WORKING DATA =>
========================

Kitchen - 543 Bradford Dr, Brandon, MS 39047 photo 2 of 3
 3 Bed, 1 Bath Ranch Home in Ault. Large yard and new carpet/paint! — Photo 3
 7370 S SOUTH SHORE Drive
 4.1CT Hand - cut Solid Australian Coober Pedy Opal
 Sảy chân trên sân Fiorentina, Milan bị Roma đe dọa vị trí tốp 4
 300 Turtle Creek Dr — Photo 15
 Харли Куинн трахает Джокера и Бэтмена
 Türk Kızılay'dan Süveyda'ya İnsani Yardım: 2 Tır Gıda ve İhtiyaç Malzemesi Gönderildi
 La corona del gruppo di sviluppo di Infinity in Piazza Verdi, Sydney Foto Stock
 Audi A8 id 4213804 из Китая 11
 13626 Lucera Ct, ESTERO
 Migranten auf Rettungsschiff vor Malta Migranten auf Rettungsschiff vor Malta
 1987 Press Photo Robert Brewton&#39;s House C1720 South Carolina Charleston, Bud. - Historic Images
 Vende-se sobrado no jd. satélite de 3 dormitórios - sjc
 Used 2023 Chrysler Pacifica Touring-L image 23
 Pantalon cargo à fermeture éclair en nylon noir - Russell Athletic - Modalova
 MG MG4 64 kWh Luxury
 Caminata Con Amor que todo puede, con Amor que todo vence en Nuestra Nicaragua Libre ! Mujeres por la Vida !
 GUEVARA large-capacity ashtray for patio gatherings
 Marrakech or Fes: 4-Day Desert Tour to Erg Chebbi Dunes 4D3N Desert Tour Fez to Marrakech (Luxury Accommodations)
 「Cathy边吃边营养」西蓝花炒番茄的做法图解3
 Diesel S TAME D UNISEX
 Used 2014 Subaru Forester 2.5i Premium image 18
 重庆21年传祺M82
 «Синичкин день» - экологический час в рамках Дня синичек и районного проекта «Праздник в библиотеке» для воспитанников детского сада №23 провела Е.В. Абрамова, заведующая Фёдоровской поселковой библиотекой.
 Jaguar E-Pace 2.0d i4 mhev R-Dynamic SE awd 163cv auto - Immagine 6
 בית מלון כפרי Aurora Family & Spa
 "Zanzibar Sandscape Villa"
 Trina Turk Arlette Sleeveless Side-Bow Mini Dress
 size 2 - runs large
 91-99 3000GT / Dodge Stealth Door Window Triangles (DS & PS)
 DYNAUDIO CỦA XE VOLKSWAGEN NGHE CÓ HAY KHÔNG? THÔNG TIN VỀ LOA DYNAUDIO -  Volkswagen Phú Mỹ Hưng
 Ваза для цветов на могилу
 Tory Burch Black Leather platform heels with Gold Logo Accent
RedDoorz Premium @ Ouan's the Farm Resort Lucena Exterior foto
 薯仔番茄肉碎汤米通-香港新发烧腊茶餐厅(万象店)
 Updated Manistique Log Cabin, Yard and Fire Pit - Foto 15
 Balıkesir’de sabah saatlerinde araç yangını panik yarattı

========================

WORK REQUEST => From the material above, set down exactly the lines starting at the one with "Trina Turk Arlette" and ending at the one with "Tory Burch Black", end lines included.

THE COMPLETED TASK =>
 Trina Turk Arlette Sleeveless Side-Bow Mini Dress
 size 2 - runs large
 91-99 3000GT / Dodge Stealth Door Window Triangles (DS & PS)
 DYNAUDIO CỦA XE VOLKSWAGEN NGHE CÓ HAY KHÔNG? THÔNG TIN VỀ LOA DYNAUDIO -  Volkswagen Phú Mỹ Hưng
 Ваза для цветов на могилу
 Tory Burch Black Leather platform heels with Gold Logo Accent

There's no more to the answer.